Exercise |
In the records below, find the line that contains "2018年绿色制造系统集成项目汇总表.docx_第2页" and the line that contains "中国建筑研究所结构标准设计室主任任务绩效考核指标"; write out exactly those two lines and everything between them, without the pictures.

Top of Entries shown

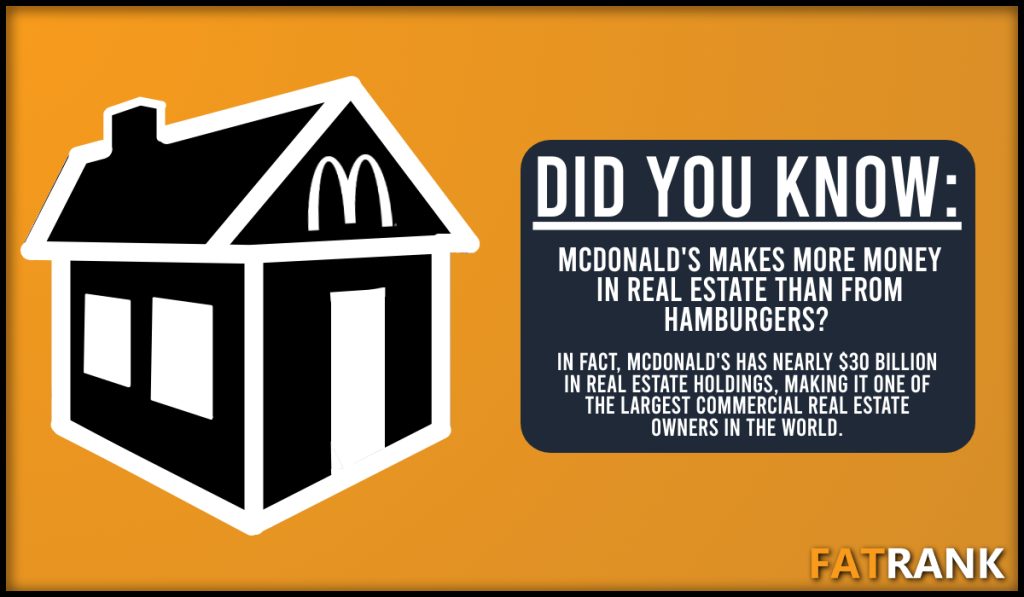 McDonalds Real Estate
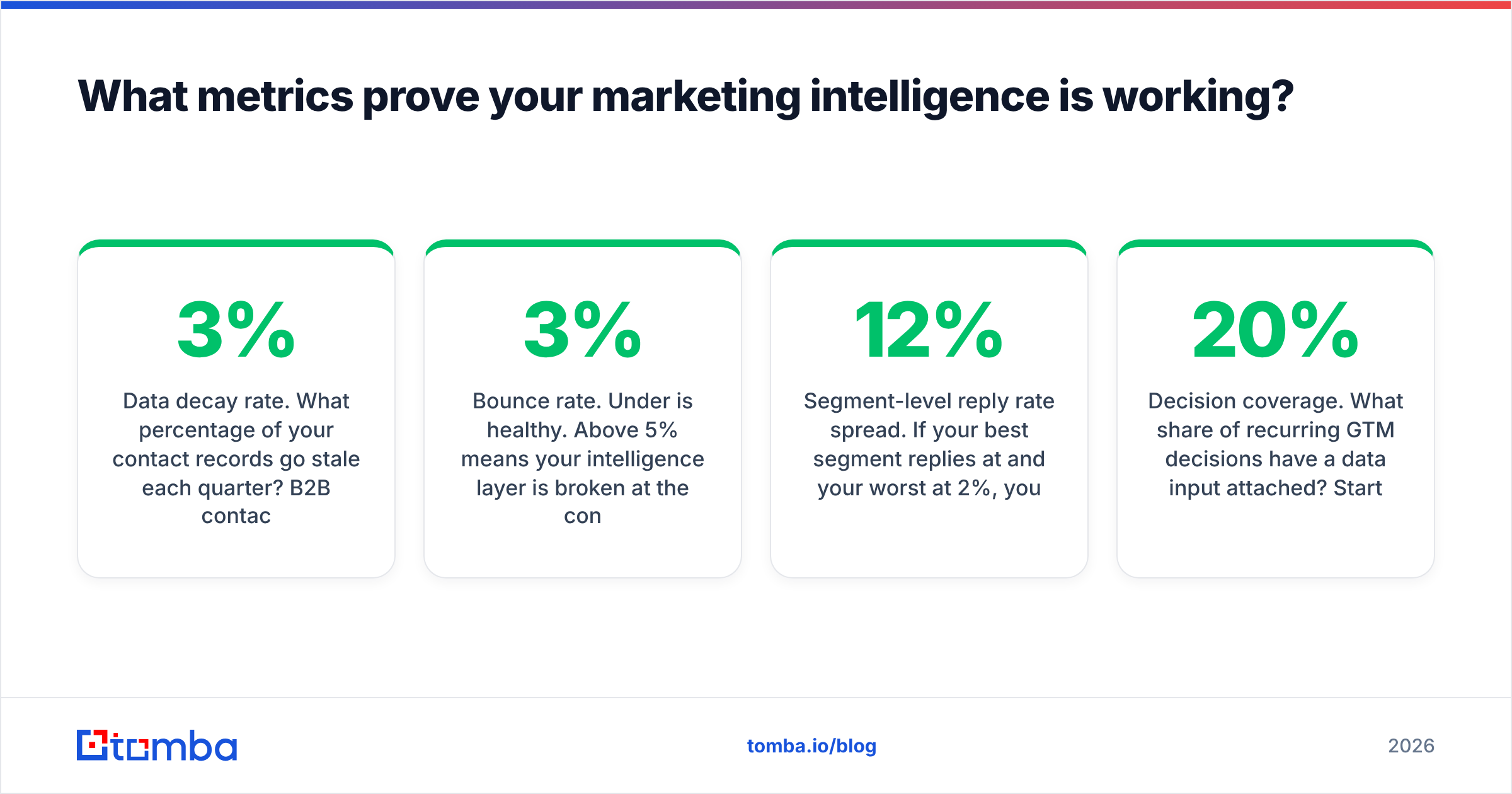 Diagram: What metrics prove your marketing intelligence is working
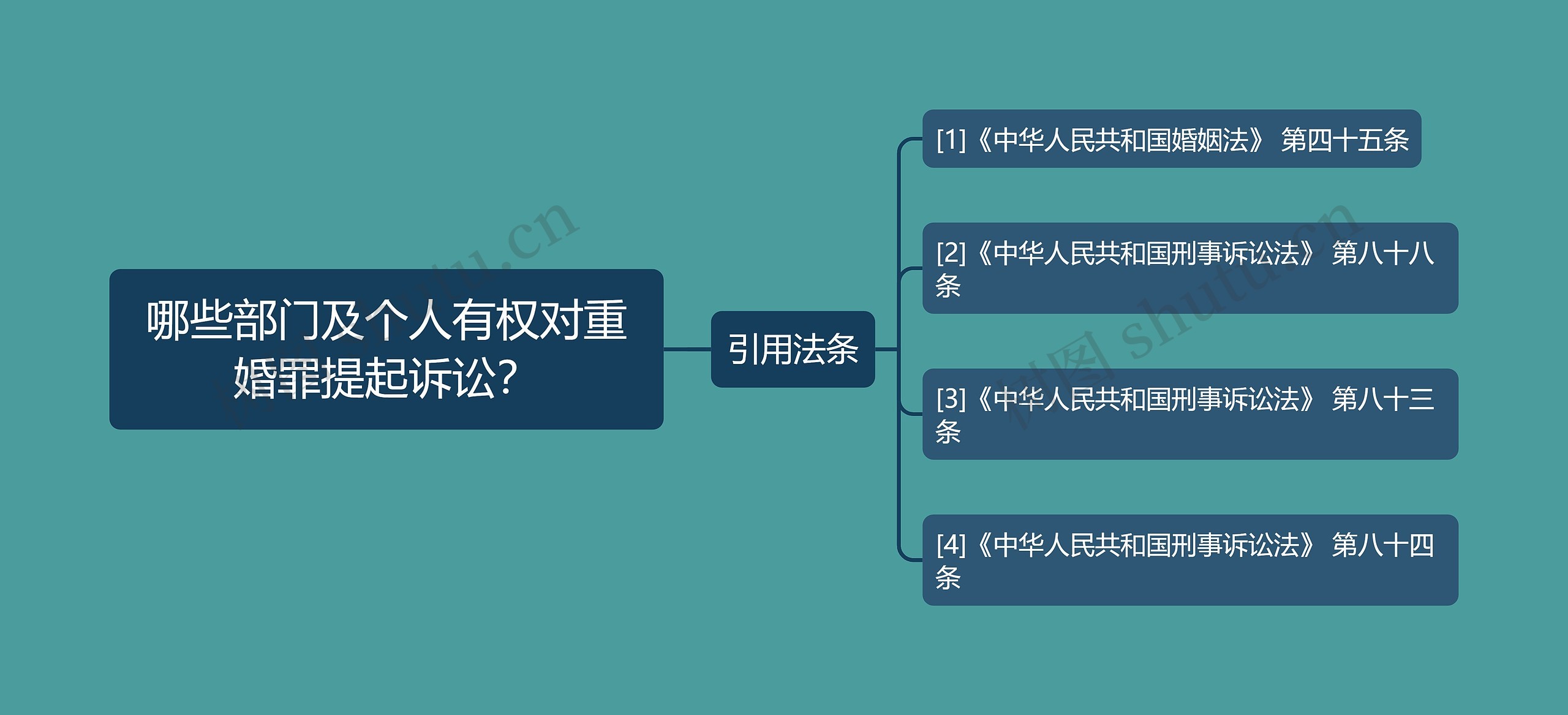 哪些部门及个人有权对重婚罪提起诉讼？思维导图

Bottom of Entries shown
Top of Entries shown

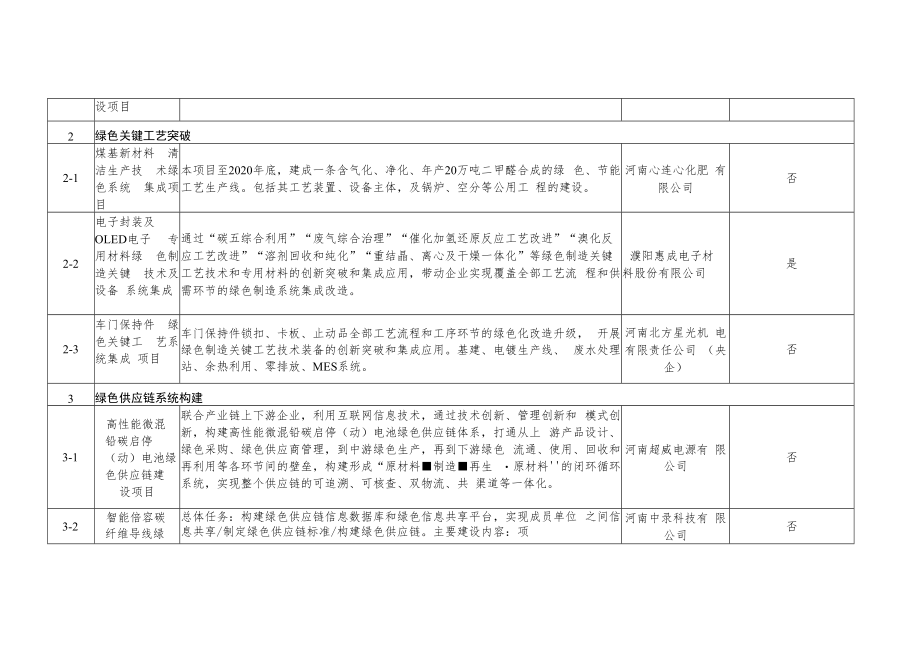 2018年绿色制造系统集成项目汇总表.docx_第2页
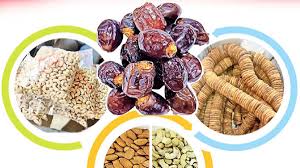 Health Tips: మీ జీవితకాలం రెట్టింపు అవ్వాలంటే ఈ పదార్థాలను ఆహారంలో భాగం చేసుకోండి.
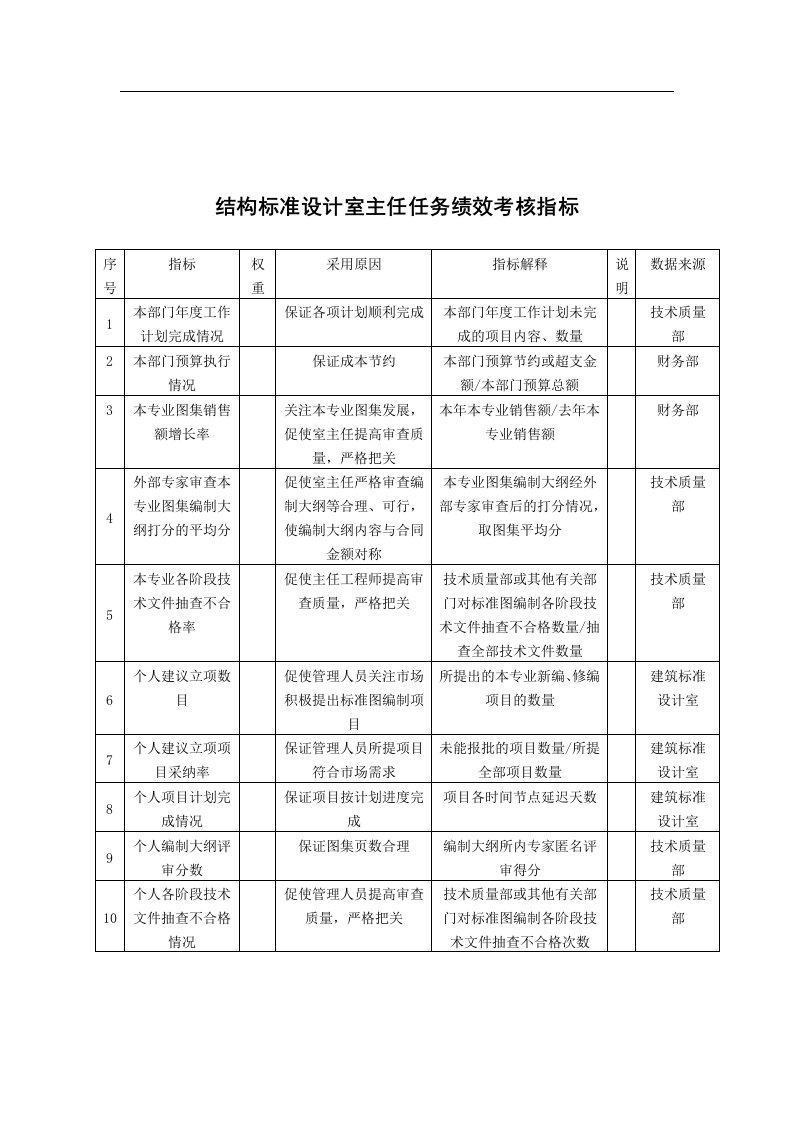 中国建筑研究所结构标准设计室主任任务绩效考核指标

Bottom of Entries shown
Top of Entries shown

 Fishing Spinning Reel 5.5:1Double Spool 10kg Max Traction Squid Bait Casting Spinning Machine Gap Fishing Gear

Bottom of Entries shown

Output |
 2018年绿色制造系统集成项目汇总表.docx_第2页
 Health Tips: మీ జీవితకాలం రెట్టింపు అవ్వాలంటే ఈ పదార్థాలను ఆహారంలో భాగం చేసుకోండి.
 中国建筑研究所结构标准设计室主任任务绩效考核指标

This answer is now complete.